Women should work fewer hours than men to avoid burnout, study suggests

A new research suggested that women should work fewer hours in order to avoid burnout.Pixabay/StartupStockPhotos

Researchers from the Australian National University (ANU) have suggested that women should work fewer hours than men because they often have to take care of domestic duties.

The study, led by Dr.

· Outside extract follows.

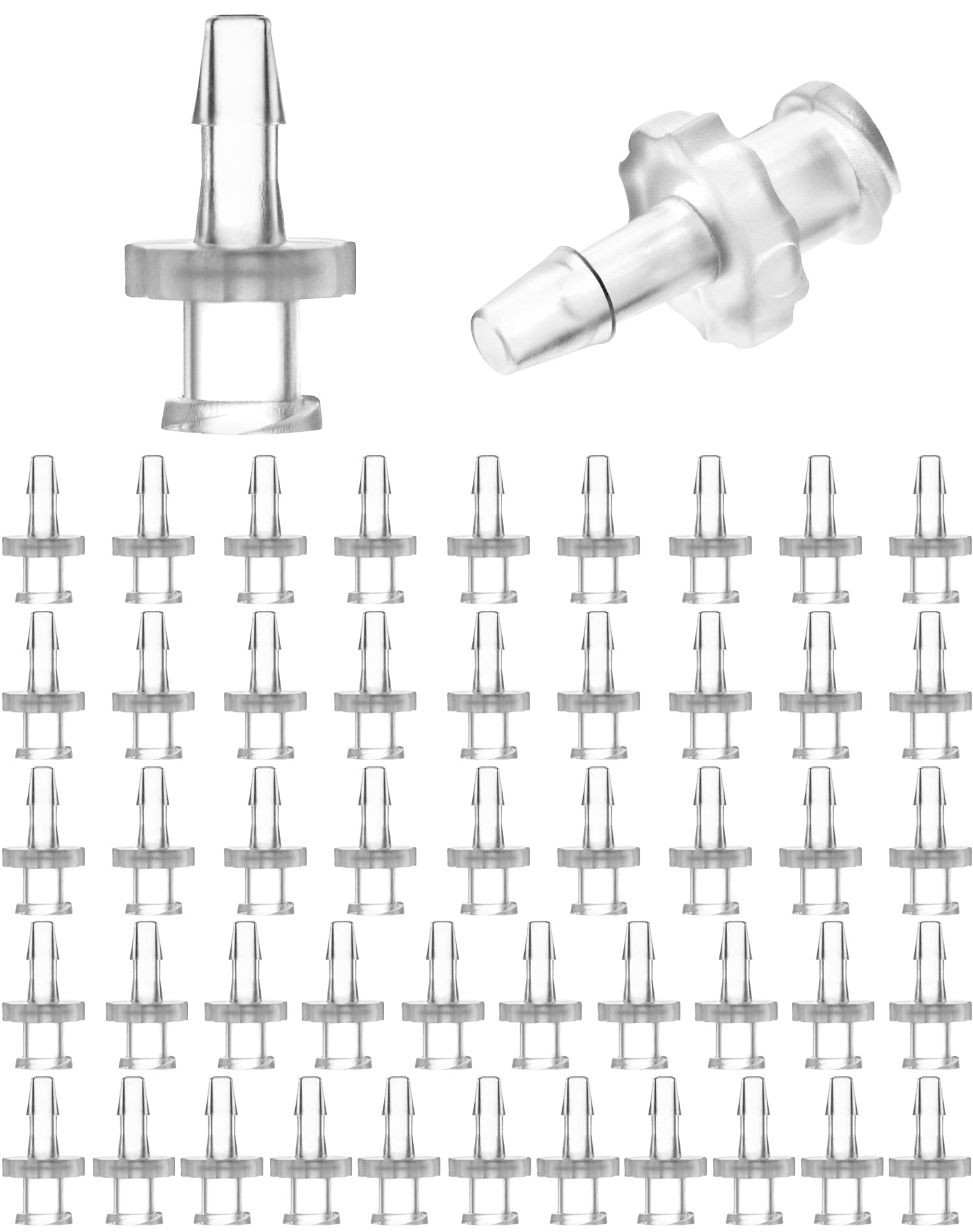 QWORK 50 Pcs Female luer Lock 1/8" PP Hose Barb Adapter, PP Hose Barb Adapter, Luer Lock Fitting for Laboratory Biochemical/Analytical Instruments, Aquarium Equipment and Food Machinery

Huong Dinh, recommended a 34-hour-week limit for women compared to 47 hours per week for men because women spend more time on domestic responsibilities compared to men.

Dinh warned that the extra responsibilities for women could take a toll on their mental health.

"Long work hours erode [people's] mental and physical health, because it leaves less time to eat well and look after themselves properly," Dinh said, as reported by The Sun.

"Given the extra demands placed on women, it's impossible for women to work [the] long hours often expected by employers unless they compromise their health," he added.

Professor Lyndall Strazdins, a co-researcher at the ANU, has expressed concern about how longer working hours for women can affect their mental health.

"If we encourage women to try to attain those work hours, we're basically confronting them with a trade off between their health and gender equality," Strazdins said, as reported by Daily Mail.

Strazdins suggested that women should be rewarded fairly for working 38 hours or more each week.

"It's going to be a slow and difficult process because it is a major social change," he said, according to Daily Mail.

The research, which was published in Social Science & Medicine, was based on data from the Household, Income and Labour Dynamics in Australia (HILDA) Survey, according to a news release in February.

The survey involving 8,000 Australian participants showed that 66 percent of full-time employees work more than 40 hours a week on their job.

Statistics released by the Organisation for Economic Co-operation and Development (OECD) showed that women spend an average of 4.5 hours every day doing domestic chores, such as cooking and cleaning, while men only spend half that time.

The researchers at ANU suggested that work should be limited to 39 hours per week instead of 48 hours to avoid health risks.

Vice News reported that working more than 39 hours a week had increased the risk of developing mental health problems such as anxiety and depression. Australia reportedly spends AU$8 billion each year to treat mental health problems in women, while losing AU$11 billion each year in lost productivity.

Strazdins contended that Australians need to discard the assumption that doing a good job means working longer hours.